--- Data under study Enclosed Below ---

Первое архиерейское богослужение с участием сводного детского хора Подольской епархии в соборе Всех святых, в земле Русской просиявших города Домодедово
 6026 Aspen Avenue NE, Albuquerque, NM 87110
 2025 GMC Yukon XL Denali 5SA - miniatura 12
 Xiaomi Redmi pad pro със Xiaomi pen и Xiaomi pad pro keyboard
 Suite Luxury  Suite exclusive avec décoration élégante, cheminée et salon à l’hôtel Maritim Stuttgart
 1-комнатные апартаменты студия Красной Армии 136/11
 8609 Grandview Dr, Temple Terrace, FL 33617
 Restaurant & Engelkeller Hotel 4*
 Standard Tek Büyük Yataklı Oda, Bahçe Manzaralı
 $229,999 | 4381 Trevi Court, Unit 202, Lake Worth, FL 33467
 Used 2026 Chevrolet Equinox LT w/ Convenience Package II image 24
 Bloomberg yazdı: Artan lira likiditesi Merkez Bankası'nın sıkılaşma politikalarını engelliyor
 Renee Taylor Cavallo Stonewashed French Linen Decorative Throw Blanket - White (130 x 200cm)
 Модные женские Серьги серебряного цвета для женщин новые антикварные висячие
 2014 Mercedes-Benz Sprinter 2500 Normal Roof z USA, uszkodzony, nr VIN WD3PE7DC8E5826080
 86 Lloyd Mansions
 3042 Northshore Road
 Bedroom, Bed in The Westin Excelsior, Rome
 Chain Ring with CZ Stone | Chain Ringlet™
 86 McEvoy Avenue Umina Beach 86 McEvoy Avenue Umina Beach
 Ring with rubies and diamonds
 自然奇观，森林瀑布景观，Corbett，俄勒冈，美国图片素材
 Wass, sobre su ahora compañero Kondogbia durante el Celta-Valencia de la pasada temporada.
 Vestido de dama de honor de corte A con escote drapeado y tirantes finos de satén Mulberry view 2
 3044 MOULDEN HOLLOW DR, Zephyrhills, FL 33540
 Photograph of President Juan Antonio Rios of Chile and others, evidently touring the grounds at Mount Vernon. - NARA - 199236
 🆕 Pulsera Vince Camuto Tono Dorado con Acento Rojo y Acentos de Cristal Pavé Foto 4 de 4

--- End of Enclosed Data under study ---

(Task to complete) Only the lines above from the one with "Ring with rubies and diamonds" through the one with "3044 MOULDEN HOLLOW" should be duplicated, character for character.

(Answer to this task)
 Ring with rubies and diamonds
 自然奇观，森林瀑布景观，Corbett，俄勒冈，美国图片素材
 Wass, sobre su ahora compañero Kondogbia durante el Celta-Valencia de la pasada temporada.
 Vestido de dama de honor de corte A con escote drapeado y tirantes finos de satén Mulberry view 2
 3044 MOULDEN HOLLOW DR, Zephyrhills, FL 33540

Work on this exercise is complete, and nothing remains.